IT is one of those stereotypical, postcard days on Sydney’s Bondi Beach. The sun is high in the sky, burning its rays onto the golden sands of one of the world’s most famous beaches.
It is an idyllic day, but it is also really, bloody hot, despite it being in the later ends of April and summer long gone.
Tourists and locals are out in their masses swimming, surfing and trying to finish their newly purchased ice creams before they melt down their arms.
But there is one distinct group who stand out from the revellers basking in the warm weather.
They are dressed in full suits, one woman is even in a leather jacket and jeans, and this bunch have just run down the ramp at the Bondi Baths end of the beach and hundreds of metres across the sand for what seems like the 50th time in the past hour.

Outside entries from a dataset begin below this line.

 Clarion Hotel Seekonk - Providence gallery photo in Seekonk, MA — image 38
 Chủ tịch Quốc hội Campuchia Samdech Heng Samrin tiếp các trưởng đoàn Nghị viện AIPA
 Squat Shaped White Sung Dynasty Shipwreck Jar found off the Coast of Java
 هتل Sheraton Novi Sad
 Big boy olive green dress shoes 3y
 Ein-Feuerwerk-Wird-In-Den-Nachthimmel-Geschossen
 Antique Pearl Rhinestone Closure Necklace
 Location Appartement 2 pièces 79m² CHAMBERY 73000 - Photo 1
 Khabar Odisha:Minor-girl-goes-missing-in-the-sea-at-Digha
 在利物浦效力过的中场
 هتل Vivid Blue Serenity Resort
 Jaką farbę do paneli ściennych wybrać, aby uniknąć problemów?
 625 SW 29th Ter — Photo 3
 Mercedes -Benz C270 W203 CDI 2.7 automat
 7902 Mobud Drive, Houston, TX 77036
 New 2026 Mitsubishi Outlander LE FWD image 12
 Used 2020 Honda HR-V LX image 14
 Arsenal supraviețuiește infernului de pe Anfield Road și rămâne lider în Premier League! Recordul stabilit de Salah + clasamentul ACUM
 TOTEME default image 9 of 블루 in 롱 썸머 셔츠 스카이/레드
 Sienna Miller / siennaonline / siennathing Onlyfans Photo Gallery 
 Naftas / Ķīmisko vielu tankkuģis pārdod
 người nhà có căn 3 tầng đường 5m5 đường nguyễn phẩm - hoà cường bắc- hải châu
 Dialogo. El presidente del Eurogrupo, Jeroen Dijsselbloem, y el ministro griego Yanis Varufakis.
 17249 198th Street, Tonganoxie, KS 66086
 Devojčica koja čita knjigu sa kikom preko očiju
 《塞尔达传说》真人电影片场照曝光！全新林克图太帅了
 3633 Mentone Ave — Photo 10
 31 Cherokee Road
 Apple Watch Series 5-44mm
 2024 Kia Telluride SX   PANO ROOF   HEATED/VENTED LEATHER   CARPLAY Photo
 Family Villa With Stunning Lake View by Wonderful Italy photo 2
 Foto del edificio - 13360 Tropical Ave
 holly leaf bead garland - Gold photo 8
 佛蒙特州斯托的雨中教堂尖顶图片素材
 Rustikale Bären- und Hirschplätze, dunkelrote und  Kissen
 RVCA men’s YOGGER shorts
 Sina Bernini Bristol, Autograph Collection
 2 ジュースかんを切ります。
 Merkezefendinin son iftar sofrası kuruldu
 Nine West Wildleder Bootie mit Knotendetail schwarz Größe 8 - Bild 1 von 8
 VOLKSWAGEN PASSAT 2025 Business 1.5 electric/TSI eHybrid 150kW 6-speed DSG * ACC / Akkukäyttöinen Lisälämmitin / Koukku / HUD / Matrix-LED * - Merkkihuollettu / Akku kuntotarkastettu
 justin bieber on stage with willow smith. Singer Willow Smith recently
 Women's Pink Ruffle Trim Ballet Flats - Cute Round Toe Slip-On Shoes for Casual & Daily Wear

But the heat does not seem to faze them, they are unflinchingly focused on the task at hand.
On closer inspection the faces in this group are familiar. They include Melbourne actress Yael Stone, known for her breakout performance as Lorna Morello in Orange is the New Black, Noah Taylor (Game of Thrones, He Died With a Felafel In His Hand) and AFI award winning actor William McInnes (Blue Heelers, My Brother Jack).
Stone and Taylor are playing police officers on the hunt for a brutal murderer who may be connected to a spate of unexplained deaths and disappearances of gay men throughout the 80s and 90s, loosely based on the real life disappearances in Sydney around that time, for SBS’ upcoming crime drama series Deep Water.
From Blackfella Films, the producers of the awarding-winning drama Redfern Now, Deep Water will be SBS’s first cross-genre, cross-platform event which includes the four-part drama series, a feature documentary and unique online web series and content.
The scene Stone and Taylor are filming is a pivotal part of the story where the police believe they have tracked down the killer and confront him in a tense stand-off on the beach.
The suspect is played by emerging Aussie actor George H Xanthis, who has the tough job of playing the misunderstood, gay Iranian refugee, Rohan Asad, whose former lover has just been found murdered.
“I’m the prime suspect,” Xanthis tells Star Observer.
“My character doesn’t paint himself in a great light, he’s on edge always and he’s from Iran… and he’s always afraid of getting let down.
“He’s just constantly running it seems, and it’s all sort of caught up with him.”
Xanthis immersed himself in the role, not only researching the persecution Asad would have escaped from in Iran for being gay, but also has written a character history from the age of zero to help understand him better. He carries his extensive notes with him on set and they’ve proved vital for helping him get into the headspace of Asad.
“When I actually read this (the script), I thought ‘I have to do this project’,” he remembers.
“I’ve really fallen in love with the journey. It’s a tragic character, it’s a tragic story. The project (Deep Water) will show how evil and toxic it is to discriminate against someone.”
Deep Water brings together a stellar cast of talented actors including this month’s cover girl Danielle Cormack, Craig McLachlan, Simon Burke and Renee Lim among others.
An Australian acting veteran, Ben Oxenbould (Hey Dad…!, The Code) has the tough task of playing revered rugby league player Chris Toohey, who may have had links to some of the past crimes.
But getting into character as a macho, league playing Aussie affected by the attacks on gay men wasn’t too much of a stretch for Oxenbould who grew up in Sydney’s north shore and whose high school was near an infamous gay beat where some men had been assaulted.
“Toohey was at a point in his life where he was fairly caught up in what was happening around him, which you do as a young guy,” he explains.
“In the suburbs where they were growing up… your life was either surf club, surfing, footy and that was a way out for a lot of guys. Toohey was walking that fine line.
“Perhaps he was a little more conscious than the other guys, a little bit more aware.
“It was quite bizarre, it wasn’t just isolated to Bondi, there was a lot of stuff happening where my father and I used to fish. It got so prevalent that an assembly was called to say it was happening in the park across the road… it was frightening.
“They (the crimes) were hideous, they were just hideous. Why is it that those incidents were never addressed properly?”
Deep Water airs on SBS on October 5, 6, 12 and 13 at 8.30pm.